Apontar a autoridade errada é uma das causas mais banais de extinção sem análise do mérito, e ela é evitável apenas lendo o ato com atenção.
Envie o ato publicado, a data da publicação e o extrato do CADESP pelo WhatsApp (16) 99654-0207. A análise responde três coisas: em qual rota o seu ato se enquadra, quantos dias ainda restam, e se há vício a discutir — inclusive quando não há. Dr. Arthur Menezes — OAB/SP 480.722.
Perguntas Frequentes
Cassaram minha inscrição estadual. A empresa está fechada?
Não. A empresa continua existindo, com CNPJ ativo e contrato social válido. O que se perdeu foi a eficácia da inscrição estadual, e o efeito prático é a impossibilidade de emitir nota fiscal eletrônica válida no Estado. Na prática comercial isso paralisa a operação, mas juridicamente não é encerramento.
O recurso de 30 dias suspende a cassação enquanto é analisado?
Não. O art. 13 da Portaria CAT 95/2006 diz expressamente que o recurso cabe uma única vez e sem efeito suspensivo. A inscrição continua sem eficácia durante toda a análise, e a decisão do Delegado Regional Tributário é definitiva no âmbito administrativo.
Perdi o prazo de 30 dias do recurso. Ainda dá para fazer alguma coisa?
Sim, e isso é importante: o prazo do recurso administrativo e o prazo do mandado de segurança são independentes. Perder os 30 dias não consome os 120 dias do art. 23 da Lei 12.016/2009, que continuam correndo da mesma publicação. Também seguem disponíveis os pedidos administrativos de restabelecimento e de nova inscrição.
De quando começam a contar os 120 dias?
Da ciência do ato. Quando o ato é publicado por edital no Diário Oficial, como manda o art. 12, a data da publicação é o marco. Não conta da data em que a empresa soube pelo contador, nem de quando a nota foi rejeitada pela primeira vez.
A empresa estava funcionando. Como provo isso?

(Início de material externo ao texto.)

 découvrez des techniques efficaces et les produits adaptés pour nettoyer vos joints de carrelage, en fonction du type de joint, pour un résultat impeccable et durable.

Com documento de data certa do período que o ato aponta como inativo: notas fiscais emitidas e escrituradas, GIAs com movimento, contas de energia e água do imóvel, contrato de locação vigente, folha de pagamento. Mandado de segurança exige prova documental pré-constituída — não há produção de prova no curso do processo, e é por isso que a reunião dos documentos vem antes de qualquer decisão.
Meu ato cita a Portaria CAT 02/2011, e não a 95/2006. É a mesma coisa?
Não. São rotas distintas: a CAT 95/2006 trata da cassação por não localização, constatada em diligência; a CAT 02/2011 trata da inatividade presumida, apurada a partir de declarações. Os fundamentos e o rito de defesa não coincidem, e a leitura do texto do seu ato é o que define qual se aplica.
Preciso esgotar o recurso administrativo antes de ir ao Judiciário?
Não. O art. 5º, I, da Lei 12.016/2009 só afasta o mandado de segurança quando o recurso administrativo cabível tem efeito suspensivo. Aqui a própria portaria declara que não tem. Recurso e mandado de segurança podem correr ao mesmo tempo.
Meu contador disse que basta pedir uma inscrição nova. Está certo?
Pode estar, e é o caminho mais rápido quando a empresa de fato parou ou mudou sem comunicar. Mas pedir inscrição nova é aceitar o ato como correto — e, se ele estiver errado, a empresa fica com um período de inatividade registrado no cadastro que não corresponde ao que aconteceu. Antes de escolher, vale ler o ato e conferir se a data de inatividade que ele afirma é compatível com as notas que a empresa emitiu.
Quanto tempo a Fazenda tem para responder ao recurso?
A Portaria CAT 95/2006 não fixa prazo. Aplica-se o art. 50 da Lei estadual 10.177/1998: ultrapassados 120 dias do protocolo de recurso que tramite sem efeito suspensivo, o recorrente pode considerá-lo rejeitado na esfera administrativa. Na prática, isso significa que a resposta pode chegar depois de o prazo do mandado de segurança já ter vencido.